This is mostly a knitting blog. Sometimes pictures of things I've made, sometimes not. I'm a guy who knits, I usually attend a men's stitch 'n' bitch on Monday nights, and I prefer natural fibres to artificial ones. I have a love-hate relationship with bamboo yarns: I love what they can do and how they look, I hate how they are made. I've been knitting since about 2003, though I really didn't get into it until 2005, while convelescing with a broken leg. I must have discovered something good, 'cause I'm still knitting years later.

Wednesday, June 17, 2015

Yarns to Dye For!

One of the things I've been interested in for a while is dying. Come July, I'm going to get my chance to try my hand at it. Huw's friend Mirabel is a dyer, and uses natural plant dyes rather than chemical dyes. I think we'll be using indigo and maybe woad. One of them, I've heard, needs what is known to dyers as a "piss-bath" and I'm sure if that's true, it will all be so very charming.

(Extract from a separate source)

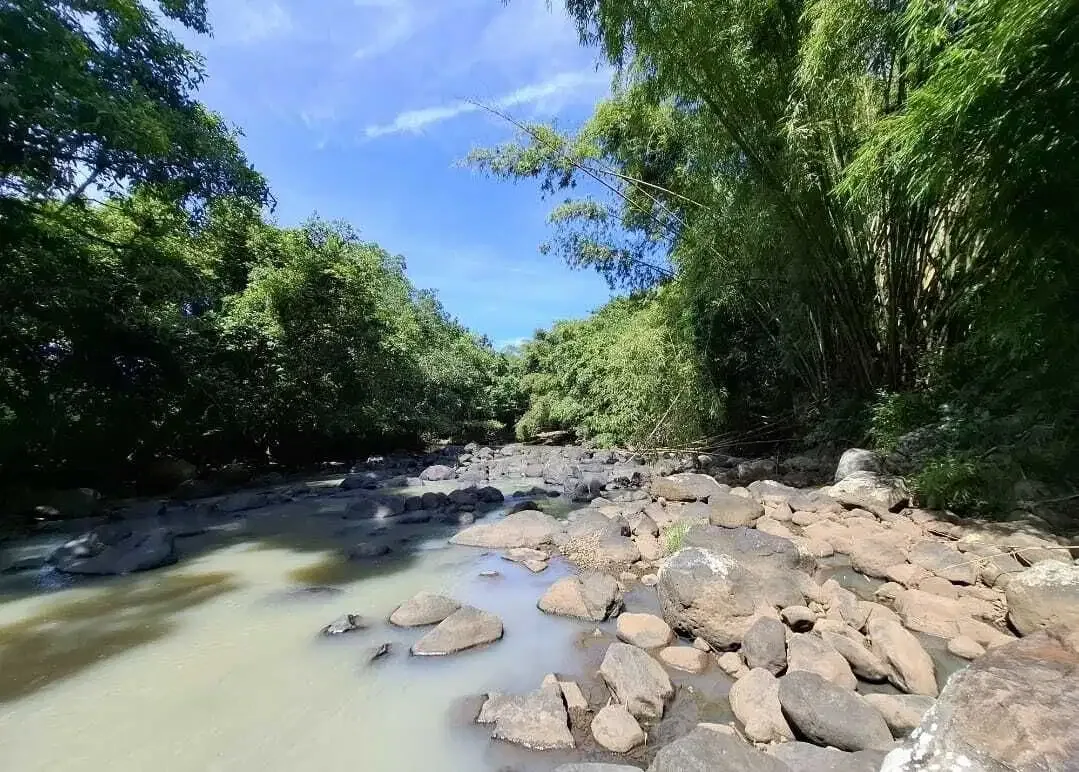 Dijual tanah dekat panta dengan sungai cantik di tabanan bali - Image 4 of 9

I've been scouring my stash for any undyed yarns I might have. I've found quite a few, but these nine are the ones I think I'll bring with me to dye.

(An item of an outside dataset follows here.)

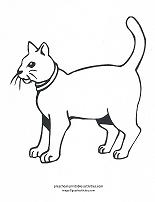 cat coloring page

A few years ago, I signed up for a yarn CSA out of Martha's Vineyard, which has since relocated to Virginia as Juniper Moon Farm. At the end of the season, I got two skeins of Romney and four skeins of Corriedale.

These are the Romney skeins. The yarn is beautiful, but not particularly soft. I need to do some research about Romney yarn, and what it might be best used for.

These are the four skeins of Corriedale. I don't think I've ever knit with Corriedale before, so I'm looking forward to making something interesting with these once they're dyed.

In 2007 I visited a friend in Bellingham, WA, and on a trip to Orcas Island, we passed a sheep farm and I bought these two skeins. I wish I'd also bought the natural brown yarn, but I was limited in funds. These are from Coffelt's Farm from the island, and I've carried them with me a long time, and a long way. While I know these are wool, I'm not sure from which breed, and the website doesn't mention which breed they use for the wool, though there are Romney, Dorset, Coopworth, and Texal on the farm.

At a recent craft fair, I got this sport weight skein of alpaca yarn. It's from Sunny Knoll Farm in New Hampshire. I don't know much about this yarn, only that I've been told that alpaca accepts dye beautifully, and that it will look good when done.

I will continue to look through my stash to see if I have other undyed skeins of yarn. I know that I have a few skeins of Cascade Epiphany, a discontinued line, in a mustard yellow. Mirabel tells me that this can be overdyed, and if I can find it, I'll bring it with me. I only bought it because the yarn had been discontinued and I knew that when my LYS was soldout, it would be out of reach forever.